Ziele und Anerkennung 

Bei vielen Auszeichnungen geht es darum, bemerkenswerte Projekte und Beiträge zur Baukultur zu belohnen und mit der damit verbundenen Anerkennung weitere zu fördern. Vielfach jedoch werden die ausgezeichneten Bauten kaum über den engen Rahmen der Juroren und Teilnehmer hinaus bekannt, und die Aufmerksamkeit verflacht nach der Siegerbekanntgabe sehr schnell. 

Unstrittig ist, dass eine Auszeichnung den Projektverfassern Anerkennung einbringt.
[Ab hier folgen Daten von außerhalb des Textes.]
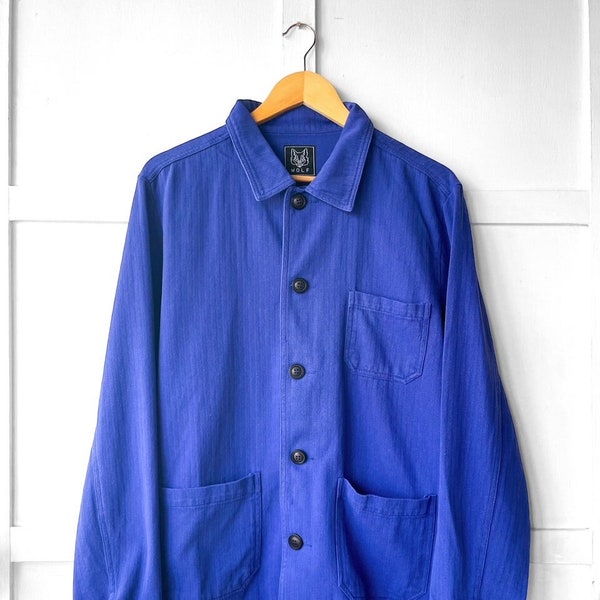 Herringbone Chore Jacket 60s Style French Bugatti Blue Cotton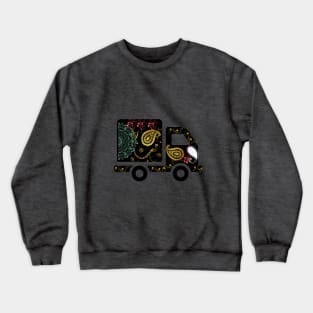 Black truck art motif illustration with paisley design pattern Crewneck Sweatshirt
Ein Preisgeld muss damit nicht verbunden sein. Bei Auszeichnungen der öffentlichen Hand ist es nicht die Regel. Unternehmen und die Fachpresse sind dagegen häufig bereit, Preis­gelder auszurichten. Die grösste Belohnung stiftet zurzeit der ­«Tageslicht-Award» der Velux-Stiftung, der dem Gewinner stattliche 100 000 Franken einbringt.

Bei gleichem Ziel unterscheiden sich in der aktuellen Preislandschaft Wege und Wirkung. Nach beinahe 20 Jahren hat sich ­das ­Architekturforum Ostschweiz entschieden, auf eine Verleihung alle vier Jahre zu verzichten. 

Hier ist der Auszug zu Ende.